A thin string 2.50 m in length is stretched with a tension of 90.0 N between two supports. When the string vibrates in its first overtone, a point at an antinode of the standing wave on the string has an amplitude of 3.50 cm and a maximum transverse speed of 28.0 m/s. (a) What is the string's mass? (b) What is the magnitude of the maximum transverse acceleration of this point on the string?

A guitar string is vibrating in its fundamental mode, with nodes at each end. The length of the segment of the string that is free to vibrate is 0.386 m. The maximum transverse acceleration of a point at the middle of the segment is \(8.40 \times 10^3 \mathrm{m}/\mathrm{s}^2\) and the maximum transverse velocity is 3.80 m/s. (a) What is the amplitude of this standing wave? (b) What is the wave speed for the transverse traveling waves on this string?

A string with both ends held fixed is vibrating in its third harmonic. The waves have a speed of 192 m/s and a frequency of 240 Hz. The amplitude of the standing wave at an antinode is 0.400 cm. (a) Calculate the amplitude at points on the string a distance of (i) 40.0 cm; (ii) 20.0 cm; and (iii) 10.0 cm from the left end of the string. (b) At each point in part (a), how much time does it take the string to go from its largest upward displacement to its largest downward displacement? (c) Calculate the maximum transverse velocity and the maximum transverse acceleration of the string at each of the points in part (a).

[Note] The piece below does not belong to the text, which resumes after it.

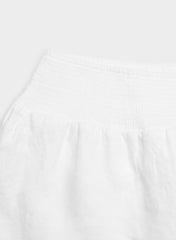 Rivette Linen Short - WHITE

A large rock that weighs 164.0 N is suspended from the lower end of a thin wire that is 3.00 m long. The density of the rock is 3200 kg/m\(^3\). The mass of the wire is small enough that its effect on the tension in the wire can be ignored. The upper end of the wire is held fixed. When the rock is in air, the fundamental frequency for transverse standing waves on the wire is 42.0 Hz. When the rock is totally submerged in a liquid, with the top of the rock just below the surface, the fundamental frequency for the wire is 28.0 Hz. What is the density of the liquid?

A musician tunes the C-string of her instrument to a fundamental frequency of 65.4 Hz. The vibrating portion of the string is 0.600 m long and has a mass of 14.4 g. (a) With what tension must the musician stretch it? (b) What percent increase in tension is needed to increase the frequency from 65.4 Hz to 73.4 Hz, corresponding to a rise in pitch from C to D?